• EXTRACTED RECORDS:

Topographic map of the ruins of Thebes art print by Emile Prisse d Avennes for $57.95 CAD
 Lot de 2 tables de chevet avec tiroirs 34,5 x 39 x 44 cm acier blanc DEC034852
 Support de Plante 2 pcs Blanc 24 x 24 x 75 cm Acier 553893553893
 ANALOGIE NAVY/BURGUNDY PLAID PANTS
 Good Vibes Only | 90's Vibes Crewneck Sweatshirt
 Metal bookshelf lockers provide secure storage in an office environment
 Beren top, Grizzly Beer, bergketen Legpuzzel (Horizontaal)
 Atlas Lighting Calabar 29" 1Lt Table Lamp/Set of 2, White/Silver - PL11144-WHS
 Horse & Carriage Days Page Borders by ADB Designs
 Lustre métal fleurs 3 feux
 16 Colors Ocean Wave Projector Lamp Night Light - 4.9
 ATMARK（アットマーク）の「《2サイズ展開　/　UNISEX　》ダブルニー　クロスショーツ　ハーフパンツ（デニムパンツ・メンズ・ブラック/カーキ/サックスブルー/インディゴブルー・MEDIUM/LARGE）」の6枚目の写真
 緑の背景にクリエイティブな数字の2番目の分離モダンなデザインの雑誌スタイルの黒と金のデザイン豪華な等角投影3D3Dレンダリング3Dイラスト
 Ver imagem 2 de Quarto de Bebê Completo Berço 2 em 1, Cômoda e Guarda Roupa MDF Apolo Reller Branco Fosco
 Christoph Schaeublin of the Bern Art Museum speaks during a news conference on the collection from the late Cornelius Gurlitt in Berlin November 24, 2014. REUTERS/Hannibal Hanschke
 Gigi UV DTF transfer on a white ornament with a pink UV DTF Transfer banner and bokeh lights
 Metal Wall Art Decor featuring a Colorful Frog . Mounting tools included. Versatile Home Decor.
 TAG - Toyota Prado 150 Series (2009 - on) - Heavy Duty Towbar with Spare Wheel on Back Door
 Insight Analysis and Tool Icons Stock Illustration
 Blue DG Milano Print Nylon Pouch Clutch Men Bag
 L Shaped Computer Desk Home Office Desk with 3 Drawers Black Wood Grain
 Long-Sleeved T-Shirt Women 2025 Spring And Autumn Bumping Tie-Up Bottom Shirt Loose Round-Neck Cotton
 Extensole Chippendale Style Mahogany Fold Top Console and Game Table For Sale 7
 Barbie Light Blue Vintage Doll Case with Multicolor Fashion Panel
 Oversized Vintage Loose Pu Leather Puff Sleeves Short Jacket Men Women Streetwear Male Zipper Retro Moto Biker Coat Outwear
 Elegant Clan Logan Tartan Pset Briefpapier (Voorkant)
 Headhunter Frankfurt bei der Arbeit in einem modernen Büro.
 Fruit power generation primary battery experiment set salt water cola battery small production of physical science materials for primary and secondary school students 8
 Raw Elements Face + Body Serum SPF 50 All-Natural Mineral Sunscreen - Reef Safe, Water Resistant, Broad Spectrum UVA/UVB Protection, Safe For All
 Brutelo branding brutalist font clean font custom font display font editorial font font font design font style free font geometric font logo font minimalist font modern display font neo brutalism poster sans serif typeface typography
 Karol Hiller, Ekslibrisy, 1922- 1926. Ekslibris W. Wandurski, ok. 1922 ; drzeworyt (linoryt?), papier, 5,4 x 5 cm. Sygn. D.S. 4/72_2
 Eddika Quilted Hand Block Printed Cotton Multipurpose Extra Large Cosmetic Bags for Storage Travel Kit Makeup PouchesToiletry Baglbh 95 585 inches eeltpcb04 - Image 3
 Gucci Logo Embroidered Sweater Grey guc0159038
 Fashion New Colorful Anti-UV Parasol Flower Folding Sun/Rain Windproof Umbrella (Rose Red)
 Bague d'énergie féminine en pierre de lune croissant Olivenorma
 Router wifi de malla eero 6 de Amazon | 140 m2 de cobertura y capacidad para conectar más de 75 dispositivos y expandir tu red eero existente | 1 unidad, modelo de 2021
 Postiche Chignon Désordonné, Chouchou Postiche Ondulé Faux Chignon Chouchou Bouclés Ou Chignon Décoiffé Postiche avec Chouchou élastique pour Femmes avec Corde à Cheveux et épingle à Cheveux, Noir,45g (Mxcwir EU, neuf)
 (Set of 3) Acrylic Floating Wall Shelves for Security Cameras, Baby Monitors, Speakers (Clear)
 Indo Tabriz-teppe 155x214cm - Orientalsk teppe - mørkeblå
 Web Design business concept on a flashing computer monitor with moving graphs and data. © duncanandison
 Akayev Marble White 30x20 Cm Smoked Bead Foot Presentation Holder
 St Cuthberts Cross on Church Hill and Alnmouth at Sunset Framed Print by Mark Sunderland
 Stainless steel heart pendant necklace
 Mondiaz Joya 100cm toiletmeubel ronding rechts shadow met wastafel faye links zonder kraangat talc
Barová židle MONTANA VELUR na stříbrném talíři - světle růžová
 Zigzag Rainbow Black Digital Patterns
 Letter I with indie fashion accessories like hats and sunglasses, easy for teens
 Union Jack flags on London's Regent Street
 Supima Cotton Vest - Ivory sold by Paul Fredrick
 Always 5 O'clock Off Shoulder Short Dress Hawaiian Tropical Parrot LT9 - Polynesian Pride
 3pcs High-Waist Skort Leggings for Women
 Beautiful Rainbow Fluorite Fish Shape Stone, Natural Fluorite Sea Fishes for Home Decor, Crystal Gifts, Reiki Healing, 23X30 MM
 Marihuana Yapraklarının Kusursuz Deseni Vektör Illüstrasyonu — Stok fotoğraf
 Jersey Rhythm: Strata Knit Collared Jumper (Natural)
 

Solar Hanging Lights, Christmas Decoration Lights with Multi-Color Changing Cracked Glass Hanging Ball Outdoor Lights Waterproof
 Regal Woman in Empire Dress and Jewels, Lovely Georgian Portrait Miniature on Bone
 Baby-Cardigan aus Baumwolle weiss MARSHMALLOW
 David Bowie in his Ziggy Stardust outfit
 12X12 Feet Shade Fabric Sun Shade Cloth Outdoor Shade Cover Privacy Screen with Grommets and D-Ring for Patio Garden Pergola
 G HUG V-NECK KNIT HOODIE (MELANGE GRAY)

• WHAT TO PRODUCE:
After checking the entries, state how many lines contain "Cotton", and write nothing but the number.

• SOLUTION TO THE EXERCISE:
3